Voko - I am afraid I do not agree with Biggins and Warner's analysis. If you just consider the forces on the arc at the top (assuming it is relatively short and therefore its own weight van be neglected in comparison with the weight of the rest of the chain), the two tensions I referred to both pull down on the arc and therefore the total force pulling down on the arc is indeed the sum of these two forces. This force is responsible for reversing the direction of motion of the chain whose rate of change of momentum is 2λv²

Since you essentially count the same value of tension twice, you obtain twice the value. There is no disagreement between you and the articles author's in that.

So the magnitude of tension at the top is $\lambda v^2$, which you say must be equal to $\lambda g h + \lambda v^2$, which means $h = 0$ and there is no fountain.

 

[JollyOlly]

Please read my post again carefully and do the algebra for yourself. I agree that the average tension at the top is λv² but I repeat - the tensions at each end of the arc are not equal! Using the figures I gave in my post, the tension at the top of the rising section is 18λ while that at the top of the falling section is 14λ. λv² is 16λ.

 

[voko]

Please read my post again carefully and do the algebra for yourself. I agree that the average tension at the top is λv² but I repeat - the tensions at each end of the arc are not equal!

That is impossible, because that would be necessarily causing the arc to rotate, which is not happening.

 

[JollyOlly]

I agree that it seems impossible. What you are saying is that if the tensions were not equal, the beads along the string would accelerate and that therefore they would emerge from the arc faster (or slower) than they entered - an obvious error.

The answer is as follows. Each bead is subjected to two forces, one from the bead in front and one from the bead behind. I maintain that these forces are unequal in magnitude. They also differ in direction. Now I agree that the bead travels at a constant speed. So all that is needed to make this true is for the resultant of the two forces to be at right angles to the instantaneous velocity of the bead - which is, of course, exactly what is required.

 

[voko]

I agree that it seems impossible. What you are saying is that if the tensions were not equal, the beads along the string would accelerate and that therefore they would emerge from the arc faster (or slower) than they entered - an obvious error.

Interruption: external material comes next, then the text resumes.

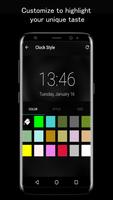 Hipster Black AMOLED Lock Screen Wallpaper 截图 3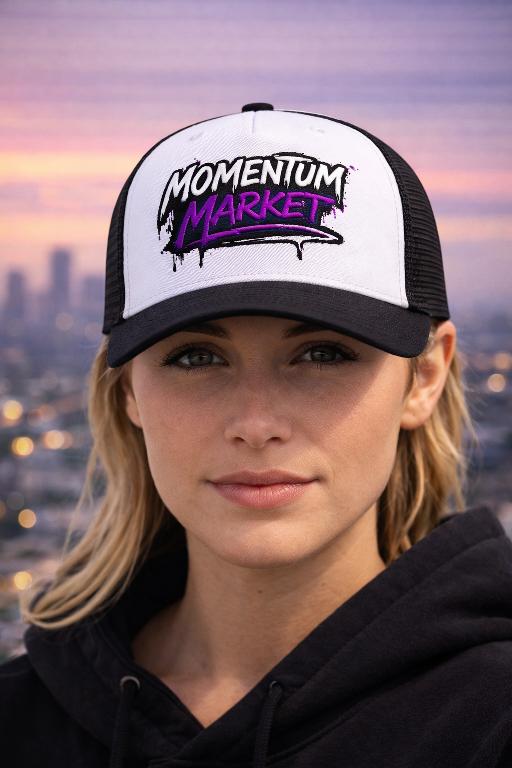 Momentum Market Signature Trucker Hat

No, this is not what I am saying. What I am saying is that when the forces are not equal, the net torque acting on the arc is not zero. So it will have to rotate. The internal forces within the arc are irrelevant for this statement.

 

[JollyOlly]

Yes, I see your argument but I am not sure how best to counter it. If 'the arc' was a rigid body you could indeed deduce that it would undergo an angular acceleration - but the arc is not a rigid body; it is composed of individual beads acted on by internal forces and these are the only forces which are relevant. The concept of 'the net torque on the arc' is not sufficiently well defined. About what point are the torques to be measured (remember, the arc is not circular)

 

[voko]

Let $\vec r(s, t)$ be the position of a point in the arc. $s$ is the natural parameter of the curve, $t$ is time. Let $T(s, t)$ be the magnitude of tension. Then $T {\partial \vec r \over \partial s}$ is the force of tension. A small element of the arc is acted upon by two forces of tension at its both ends. At one end, it is $T (s) {\partial \vec r \over \partial s} (s)$. At the other it is $T (s + \Delta s) {\partial \vec r \over \partial s} (s + \Delta s)$. As $\Delta s$ is small, this is $T (s) {\partial \vec r \over \partial s} (s) + {\partial \over \partial s} \left( T {\partial \vec r \over \partial s} \right) (s) \Delta s$. The difference of these two forces is the net force acting on the small element, hence Newton's second law for it is $$ \lambda \Delta s {\partial ^2 \vec r \over \partial t^2} = {\partial \over \partial s} \left( T {\partial \vec r \over \partial s} \right) \Delta s $$ Because the velocity of the elements in the arc is always along the arc itself and is constant ($v$), ${\partial \vec r \over \partial t} = v {\partial \vec r \over \partial s}$ and that implies $$ \lambda v {\partial \over \partial t} \left( {\partial \vec r \over \partial s} \right) = {\partial \over \partial s} \left( T {\partial \vec r \over \partial s} \right) $$ Changing the order of differentiation: $$ \lambda v {\partial \over \partial s} \left( {\partial \vec r \over \partial t} \right) = {\partial \over \partial s} \left( T {\partial \vec r \over \partial s} \right) $$ so $$ {\partial \over \partial s} \left( T {\partial \vec r \over \partial s} - \lambda v {\partial \vec r \over \partial t} \right) = 0 $$ and using the constancy of speed again $$ {\partial \over \partial s} \left( T {\partial \vec r \over \partial s} - \lambda v^2 {\partial \vec r \over \partial s} \right) = {\partial \over \partial s} \left( \left[T - \lambda v^2 \right] {\partial \vec r \over \partial s} \right) = 0 $$ Thus, $$ \left[T - \lambda v^2 \right] {\partial \vec r \over \partial s} = \vec c $$ where $\vec c$ is some constant vector. Since the arc is curved, ${\partial \vec r \over \partial s}$ changes direction along the arc, so this equality can only hold when $$ T = \lambda v^2 $$ So tension is constant in the arc (no matter what its shape), and is given by $\lambda v^2$ as said earlier.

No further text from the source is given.